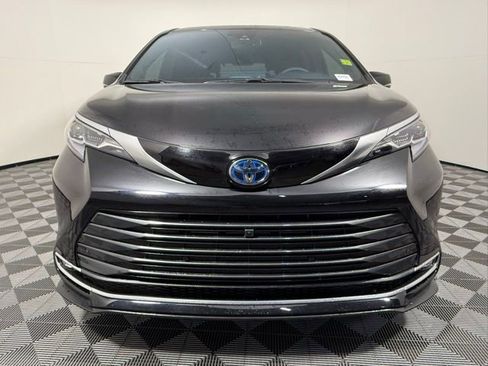 Used 2025 Toyota Sienna Platinum image 12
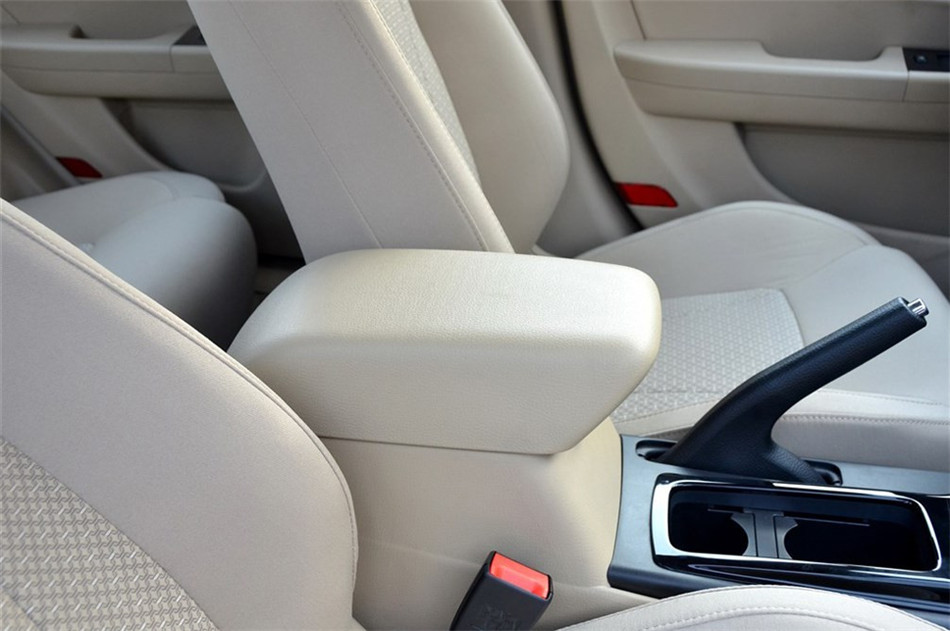 2013款 1.6L MT豪华型 座椅空间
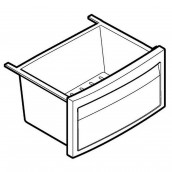 Lower vegetable drawer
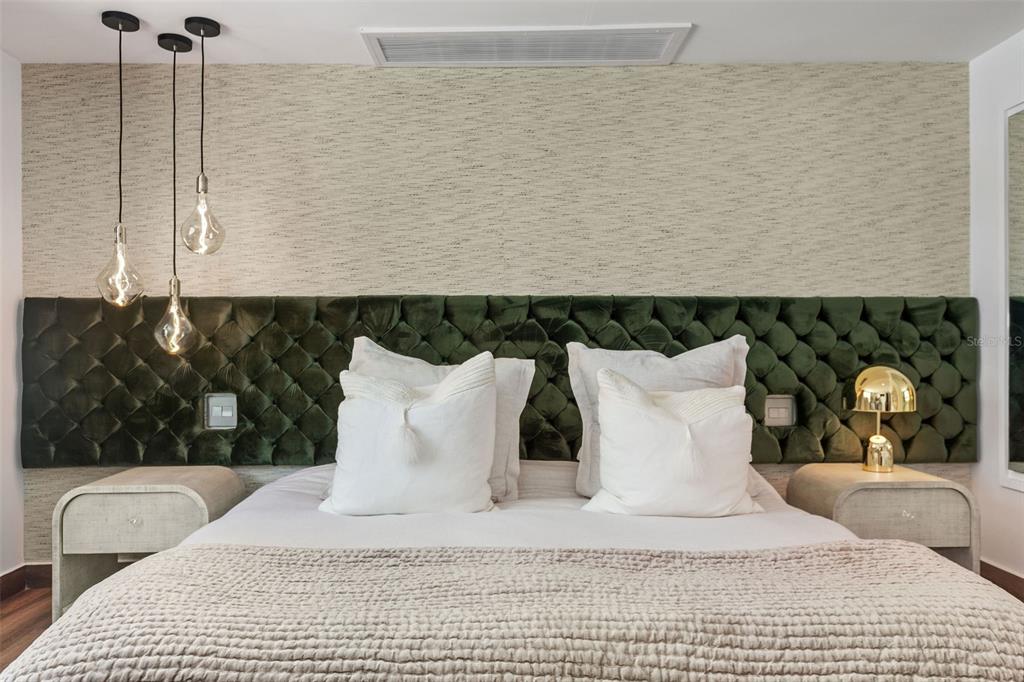 CARRION COURT PLAZA - Residential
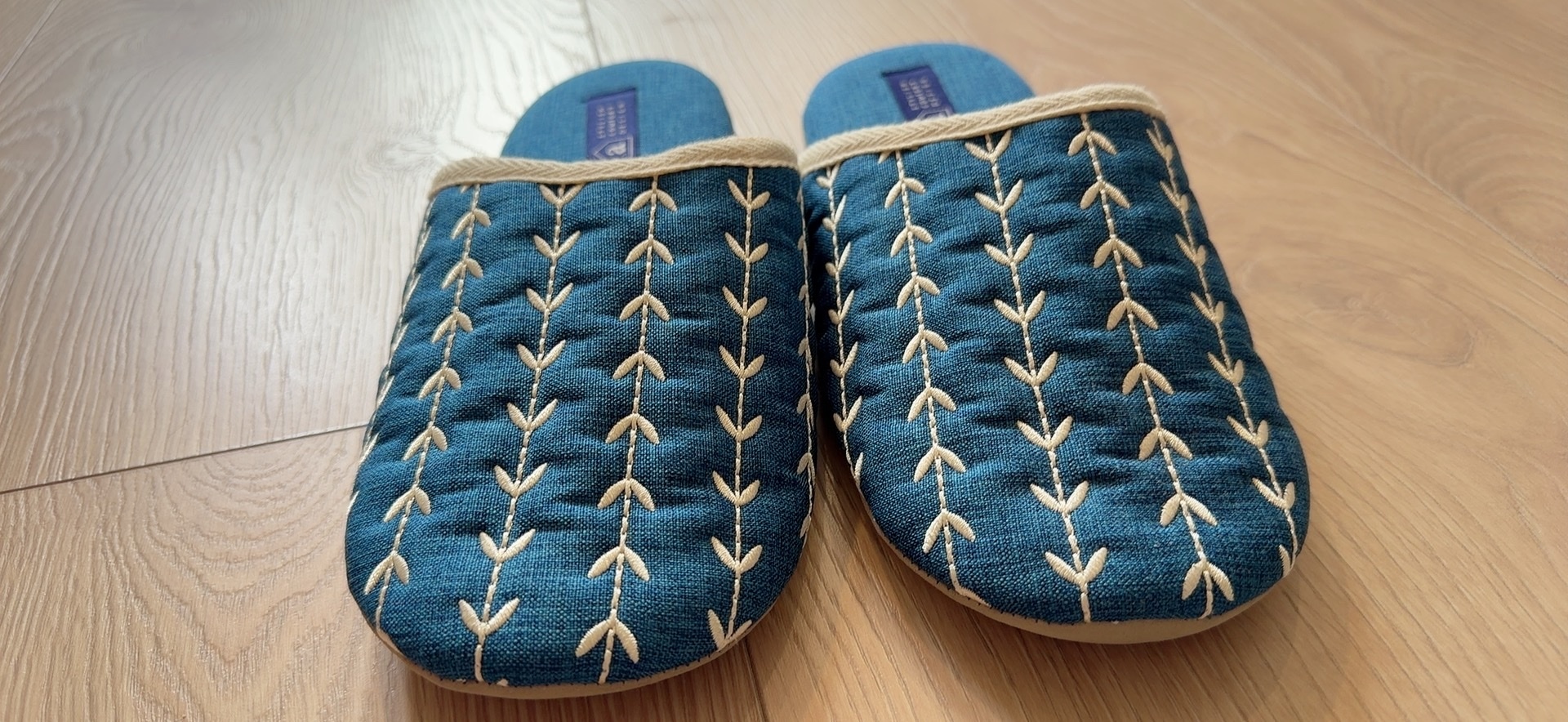 刺繡窒內拖鞋（網路限定）SALE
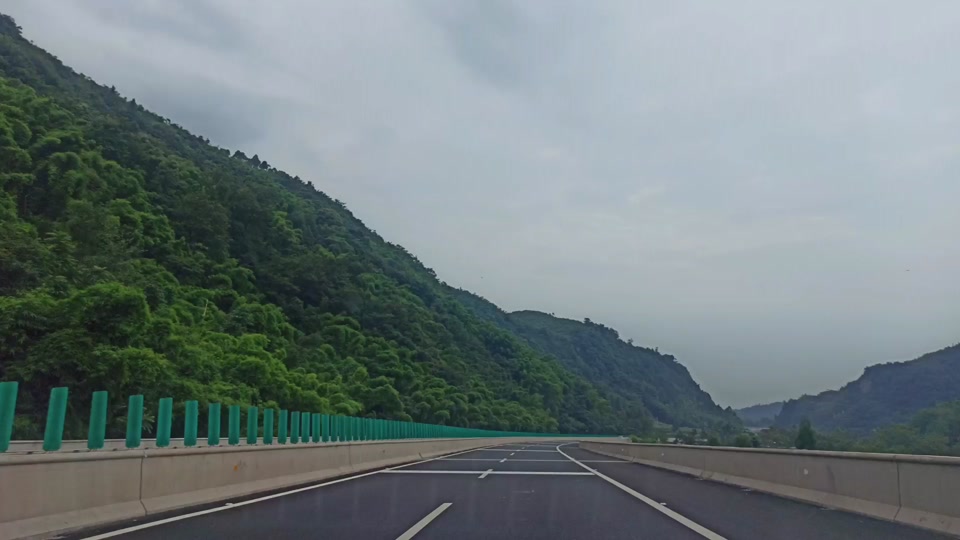 s66隆汉高速试运行多久 - 抖音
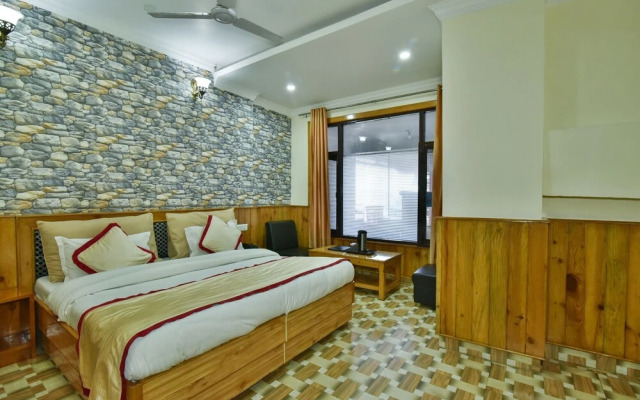 The Posh Hotel near Mall Road with Hassle Free Covered Parking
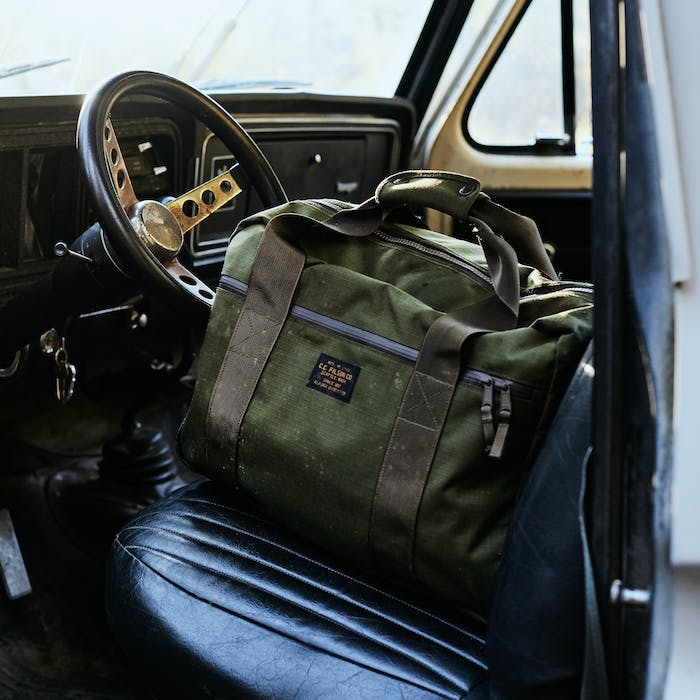 RIPSTOP NYLON PULLMAN - BLACK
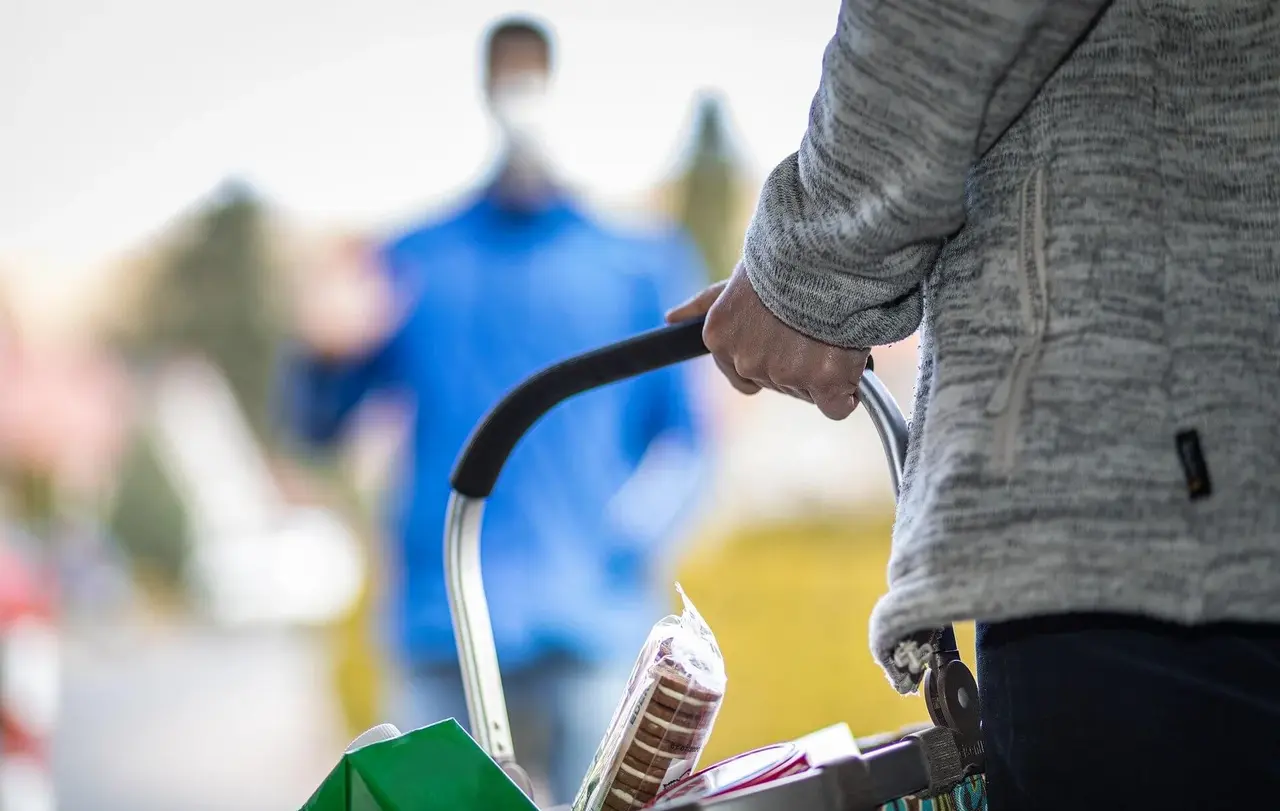 In Freiwilligendienste können junge Menschen wichtige Erfahrungen sammeln. Anmeldungen sind auch während der Corona-Zeit über die Internetseite des Diakonischen Werkes möglich.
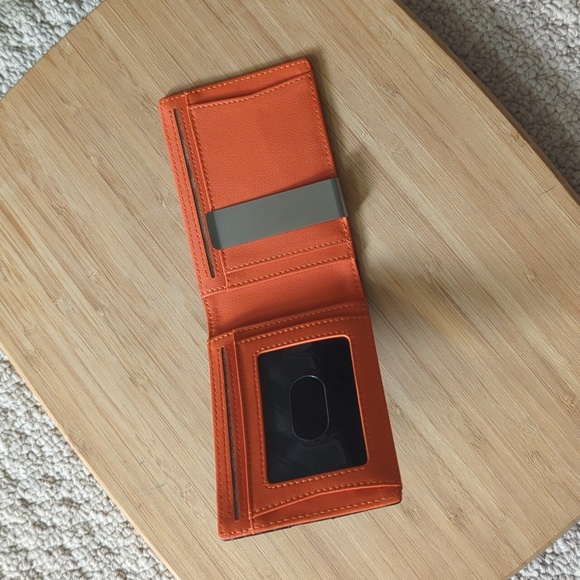 Slim wallet - Picture 2 of 2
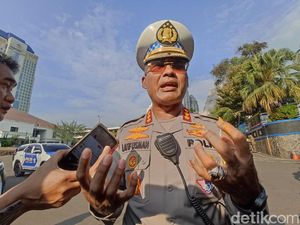 ETLE Mobile Dikerahkan di Titik Rawan Buntut Pemotor Lawan Arah Picu Kecelakaan ETLE Mobile Dikerahkan di Titik Rawan Buntut Pemotor Lawan Arah Picu Kecelakaan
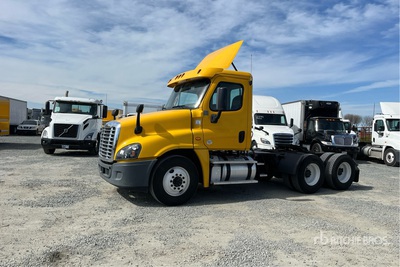 2017 Freightliner Cascadia 125 6x4 Ciągnik siodłowy T/A z kabiną dzienną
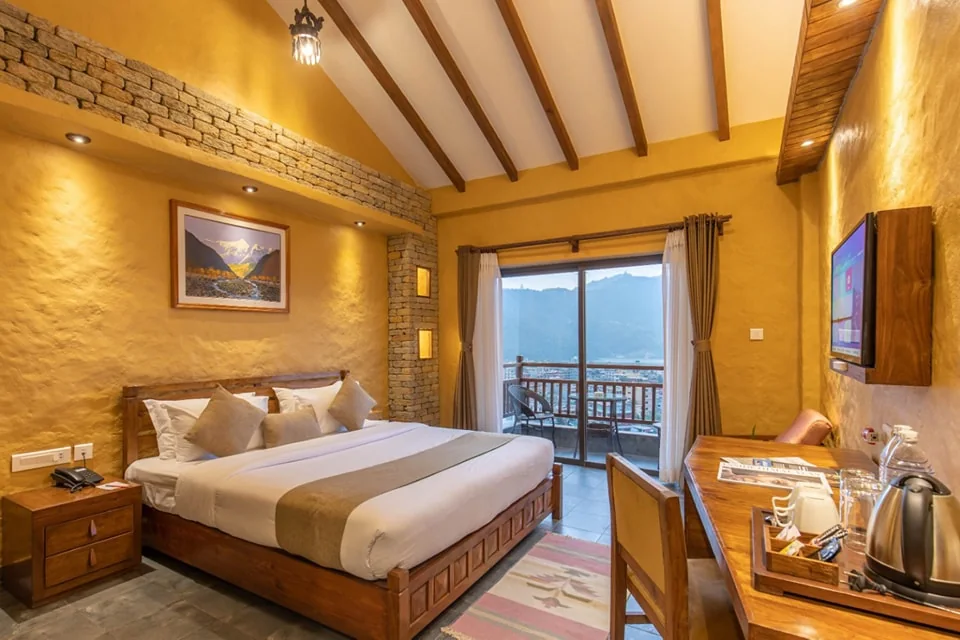 Super Deluxe Room with a balcony over the valley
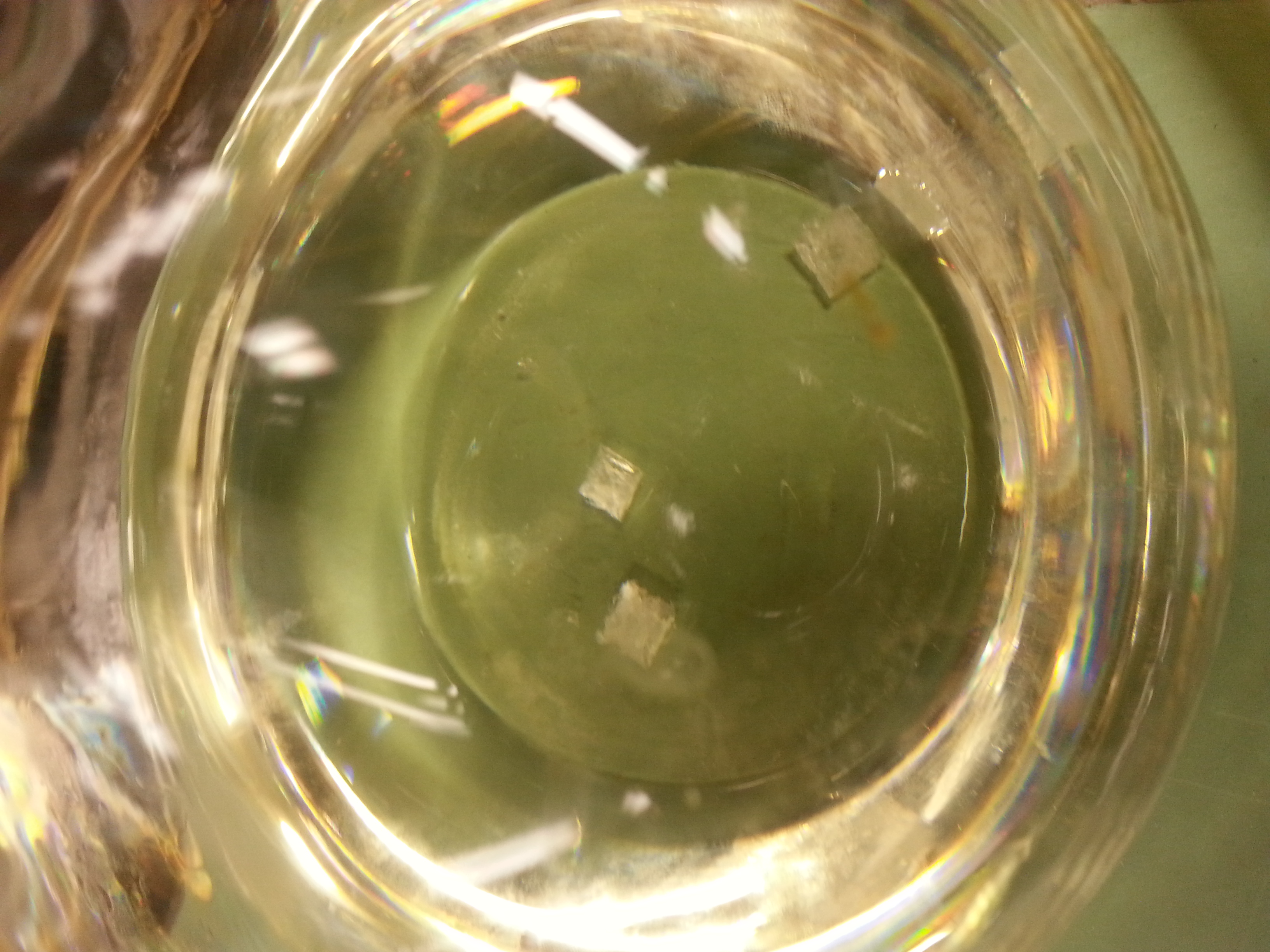 PPh 3 crystallising from acetone.
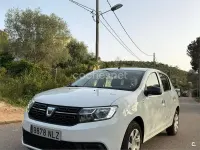 Usado Dacia Sandero Lauréate 90 CV (66 kW) 2017 Blanco Berlina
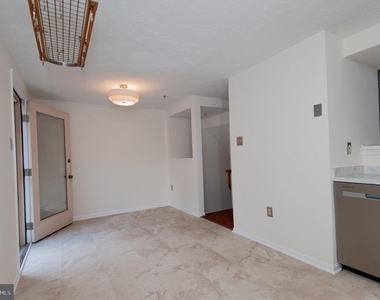 2407 Bolton Lane - Photo Thumbnail 28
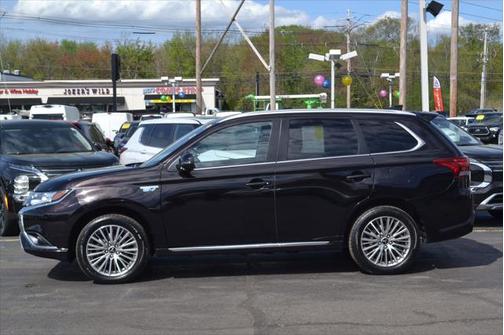 2022 Mitsubishi Outlander PHEV SEL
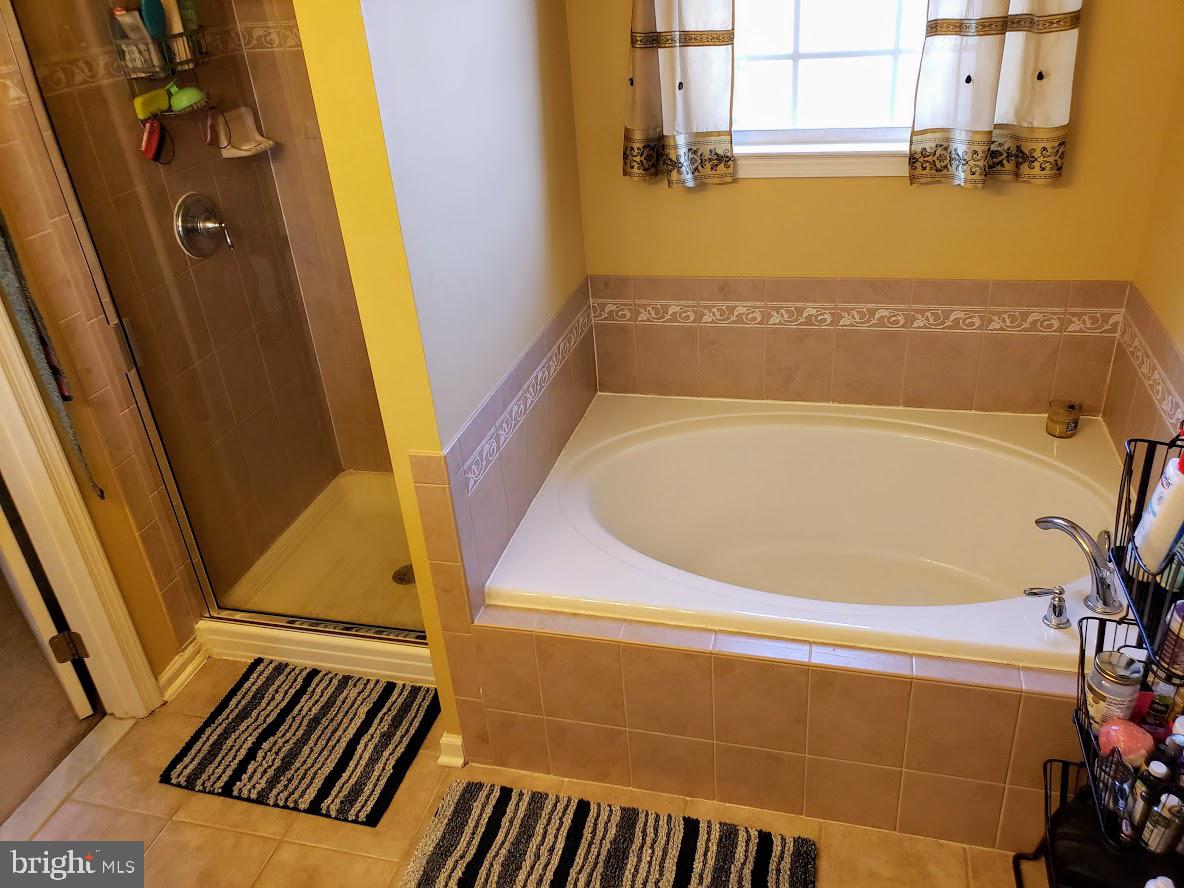 RIDGELY FOREST - Residential Lease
★ ★ ★ ★ ★ ★ ★
The data above should be set down again exactly, with the pictures omitted.

 Used 2025 Toyota Sienna Platinum image 12
 2013款 1.6L MT豪华型 座椅空间
 Lower vegetable drawer
 CARRION COURT PLAZA - Residential
 刺繡窒內拖鞋（網路限定）SALE
 s66隆汉高速试运行多久 - 抖音
 The Posh Hotel near Mall Road with Hassle Free Covered Parking
 RIPSTOP NYLON PULLMAN - BLACK
 In Freiwilligendienste können junge Menschen wichtige Erfahrungen sammeln. Anmeldungen sind auch während der Corona-Zeit über die Internetseite des Diakonischen Werkes möglich.
 Slim wallet - Picture 2 of 2
 ETLE Mobile Dikerahkan di Titik Rawan Buntut Pemotor Lawan Arah Picu Kecelakaan ETLE Mobile Dikerahkan di Titik Rawan Buntut Pemotor Lawan Arah Picu Kecelakaan
 2017 Freightliner Cascadia 125 6x4 Ciągnik siodłowy T/A z kabiną dzienną
 Super Deluxe Room with a balcony over the valley
 PPh 3 crystallising from acetone.
 Usado Dacia Sandero Lauréate 90 CV (66 kW) 2017 Blanco Berlina
 2407 Bolton Lane - Photo Thumbnail 28
 2022 Mitsubishi Outlander PHEV SEL
 RIDGELY FOREST - Residential Lease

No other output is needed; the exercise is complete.